I recently analysed a transcriptomic dataset with 3 sample groups (4 samples each) and performed a pairwise comparison between the groups. I output the FPMs for the pairwise comparisons and noticed that the same gene in a sample would have a slightly different FPM in each of the comparisons.
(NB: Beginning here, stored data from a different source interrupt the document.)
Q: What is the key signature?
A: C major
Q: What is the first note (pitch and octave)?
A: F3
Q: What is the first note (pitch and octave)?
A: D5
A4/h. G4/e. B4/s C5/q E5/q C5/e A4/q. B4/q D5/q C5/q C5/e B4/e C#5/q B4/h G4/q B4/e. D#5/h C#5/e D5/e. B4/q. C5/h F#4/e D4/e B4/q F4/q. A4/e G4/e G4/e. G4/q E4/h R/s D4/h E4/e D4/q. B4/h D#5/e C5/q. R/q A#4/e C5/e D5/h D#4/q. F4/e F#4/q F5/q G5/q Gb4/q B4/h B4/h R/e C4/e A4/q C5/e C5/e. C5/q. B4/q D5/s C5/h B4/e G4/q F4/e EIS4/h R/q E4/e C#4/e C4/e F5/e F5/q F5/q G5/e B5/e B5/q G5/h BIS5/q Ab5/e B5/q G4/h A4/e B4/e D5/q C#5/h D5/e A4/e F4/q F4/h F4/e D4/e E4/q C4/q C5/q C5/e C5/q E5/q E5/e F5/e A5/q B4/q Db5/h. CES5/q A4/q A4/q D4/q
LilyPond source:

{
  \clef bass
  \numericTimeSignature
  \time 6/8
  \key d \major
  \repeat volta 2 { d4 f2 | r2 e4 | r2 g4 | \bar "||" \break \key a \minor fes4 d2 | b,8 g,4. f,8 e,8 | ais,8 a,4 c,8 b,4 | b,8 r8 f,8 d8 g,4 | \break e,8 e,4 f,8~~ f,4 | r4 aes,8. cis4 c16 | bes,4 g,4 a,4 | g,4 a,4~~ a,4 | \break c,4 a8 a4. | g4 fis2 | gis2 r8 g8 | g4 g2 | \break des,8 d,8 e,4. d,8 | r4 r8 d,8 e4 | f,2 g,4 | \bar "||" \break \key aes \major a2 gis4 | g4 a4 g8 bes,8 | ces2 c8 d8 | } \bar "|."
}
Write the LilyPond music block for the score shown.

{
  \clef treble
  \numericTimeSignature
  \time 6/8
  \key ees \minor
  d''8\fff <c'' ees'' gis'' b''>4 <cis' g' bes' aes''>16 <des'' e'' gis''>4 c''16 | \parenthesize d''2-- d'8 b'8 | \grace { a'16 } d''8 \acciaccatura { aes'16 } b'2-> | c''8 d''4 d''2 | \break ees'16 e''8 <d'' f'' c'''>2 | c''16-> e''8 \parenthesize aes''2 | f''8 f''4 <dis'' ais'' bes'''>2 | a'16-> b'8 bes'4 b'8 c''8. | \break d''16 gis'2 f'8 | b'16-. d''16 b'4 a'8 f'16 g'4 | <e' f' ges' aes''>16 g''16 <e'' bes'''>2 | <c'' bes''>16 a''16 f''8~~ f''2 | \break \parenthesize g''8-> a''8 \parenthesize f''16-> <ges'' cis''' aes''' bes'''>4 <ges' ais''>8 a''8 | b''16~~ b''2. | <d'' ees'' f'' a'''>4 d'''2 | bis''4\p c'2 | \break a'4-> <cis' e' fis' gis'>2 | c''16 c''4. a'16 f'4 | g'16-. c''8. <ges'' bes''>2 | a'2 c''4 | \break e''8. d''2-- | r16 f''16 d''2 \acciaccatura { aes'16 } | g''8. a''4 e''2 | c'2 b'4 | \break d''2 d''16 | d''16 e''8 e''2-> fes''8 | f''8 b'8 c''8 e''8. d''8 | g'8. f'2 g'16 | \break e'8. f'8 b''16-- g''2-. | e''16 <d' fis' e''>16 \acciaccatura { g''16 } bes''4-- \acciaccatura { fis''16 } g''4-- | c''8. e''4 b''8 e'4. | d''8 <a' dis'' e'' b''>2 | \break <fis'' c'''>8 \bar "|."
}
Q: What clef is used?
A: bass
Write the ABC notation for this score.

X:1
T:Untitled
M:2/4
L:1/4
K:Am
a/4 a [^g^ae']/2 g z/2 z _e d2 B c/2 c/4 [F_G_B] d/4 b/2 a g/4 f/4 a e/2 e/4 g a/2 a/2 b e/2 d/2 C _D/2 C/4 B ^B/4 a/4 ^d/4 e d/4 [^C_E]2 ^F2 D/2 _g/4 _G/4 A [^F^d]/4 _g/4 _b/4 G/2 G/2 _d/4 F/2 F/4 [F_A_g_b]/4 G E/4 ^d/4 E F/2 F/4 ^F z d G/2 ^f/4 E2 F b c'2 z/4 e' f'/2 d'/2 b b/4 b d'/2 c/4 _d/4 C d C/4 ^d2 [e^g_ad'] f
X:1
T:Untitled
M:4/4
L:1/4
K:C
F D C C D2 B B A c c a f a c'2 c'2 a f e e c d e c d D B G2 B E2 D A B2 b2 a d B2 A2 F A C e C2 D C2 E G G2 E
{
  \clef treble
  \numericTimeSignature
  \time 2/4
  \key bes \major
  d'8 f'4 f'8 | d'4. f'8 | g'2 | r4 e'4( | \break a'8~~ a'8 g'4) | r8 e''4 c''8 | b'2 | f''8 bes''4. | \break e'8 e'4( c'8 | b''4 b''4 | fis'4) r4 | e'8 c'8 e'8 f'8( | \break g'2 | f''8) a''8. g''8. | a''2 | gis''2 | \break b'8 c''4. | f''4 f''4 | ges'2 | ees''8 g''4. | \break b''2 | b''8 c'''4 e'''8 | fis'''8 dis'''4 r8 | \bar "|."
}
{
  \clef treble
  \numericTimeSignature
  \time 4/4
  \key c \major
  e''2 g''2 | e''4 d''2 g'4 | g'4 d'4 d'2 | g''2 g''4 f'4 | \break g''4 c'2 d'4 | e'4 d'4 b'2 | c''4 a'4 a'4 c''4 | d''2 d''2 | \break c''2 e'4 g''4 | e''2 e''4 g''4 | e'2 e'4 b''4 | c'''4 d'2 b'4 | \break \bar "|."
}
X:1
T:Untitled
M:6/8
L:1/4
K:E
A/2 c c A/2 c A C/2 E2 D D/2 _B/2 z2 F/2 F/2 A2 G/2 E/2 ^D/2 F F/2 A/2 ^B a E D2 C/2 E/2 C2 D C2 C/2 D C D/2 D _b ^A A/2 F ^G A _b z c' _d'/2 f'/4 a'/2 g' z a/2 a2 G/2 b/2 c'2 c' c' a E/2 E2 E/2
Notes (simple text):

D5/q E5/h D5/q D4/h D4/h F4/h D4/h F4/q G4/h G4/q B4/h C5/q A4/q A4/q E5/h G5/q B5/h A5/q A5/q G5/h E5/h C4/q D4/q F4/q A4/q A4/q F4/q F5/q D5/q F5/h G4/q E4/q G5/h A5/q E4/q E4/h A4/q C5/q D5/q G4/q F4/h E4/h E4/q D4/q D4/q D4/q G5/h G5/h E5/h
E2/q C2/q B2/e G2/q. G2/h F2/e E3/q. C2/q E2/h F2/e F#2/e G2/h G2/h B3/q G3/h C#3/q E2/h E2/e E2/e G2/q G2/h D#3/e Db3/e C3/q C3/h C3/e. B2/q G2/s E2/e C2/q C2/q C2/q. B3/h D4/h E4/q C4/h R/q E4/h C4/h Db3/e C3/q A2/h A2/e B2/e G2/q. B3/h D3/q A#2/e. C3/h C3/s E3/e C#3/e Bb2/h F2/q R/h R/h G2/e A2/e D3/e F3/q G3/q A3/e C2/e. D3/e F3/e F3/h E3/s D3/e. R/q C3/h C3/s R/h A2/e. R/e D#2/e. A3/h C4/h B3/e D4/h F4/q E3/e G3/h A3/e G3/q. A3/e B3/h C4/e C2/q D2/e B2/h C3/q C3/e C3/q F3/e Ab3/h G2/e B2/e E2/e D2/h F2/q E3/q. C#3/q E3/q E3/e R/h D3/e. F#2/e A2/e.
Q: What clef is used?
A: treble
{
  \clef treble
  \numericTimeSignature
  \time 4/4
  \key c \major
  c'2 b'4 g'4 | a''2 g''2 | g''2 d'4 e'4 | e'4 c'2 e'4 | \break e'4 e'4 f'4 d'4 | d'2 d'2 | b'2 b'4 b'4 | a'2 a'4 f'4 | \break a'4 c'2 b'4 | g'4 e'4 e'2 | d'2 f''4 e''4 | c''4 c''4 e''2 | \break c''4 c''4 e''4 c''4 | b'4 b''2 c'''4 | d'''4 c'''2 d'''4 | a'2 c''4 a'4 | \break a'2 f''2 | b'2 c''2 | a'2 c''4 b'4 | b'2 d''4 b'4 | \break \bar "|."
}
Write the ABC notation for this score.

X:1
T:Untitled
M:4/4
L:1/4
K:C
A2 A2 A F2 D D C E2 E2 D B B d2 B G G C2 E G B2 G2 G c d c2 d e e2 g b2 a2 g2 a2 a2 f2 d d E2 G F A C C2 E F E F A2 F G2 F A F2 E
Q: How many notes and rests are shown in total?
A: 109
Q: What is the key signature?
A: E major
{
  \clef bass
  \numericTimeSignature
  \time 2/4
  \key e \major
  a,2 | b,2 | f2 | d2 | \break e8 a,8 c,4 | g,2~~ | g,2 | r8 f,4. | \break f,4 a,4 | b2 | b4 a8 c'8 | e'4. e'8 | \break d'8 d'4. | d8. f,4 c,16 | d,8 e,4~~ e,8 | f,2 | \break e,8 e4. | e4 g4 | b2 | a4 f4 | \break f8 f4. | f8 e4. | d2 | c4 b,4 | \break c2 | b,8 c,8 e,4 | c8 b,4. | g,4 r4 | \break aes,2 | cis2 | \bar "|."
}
example: A gene has the following FPM in one comparison: Sample 1: 476.992795157303, Sample 2: 472.464072441368, Sample 3: 488.11759330905, Sample 4: 461.634140423592

and in the second: Sample 1: 448.229377708702, Sample 2: 449.795231722178, Sample 3: 460.560159012059, Sample 4: 431.705745786016

Is there a reason this would happen? Is it expected?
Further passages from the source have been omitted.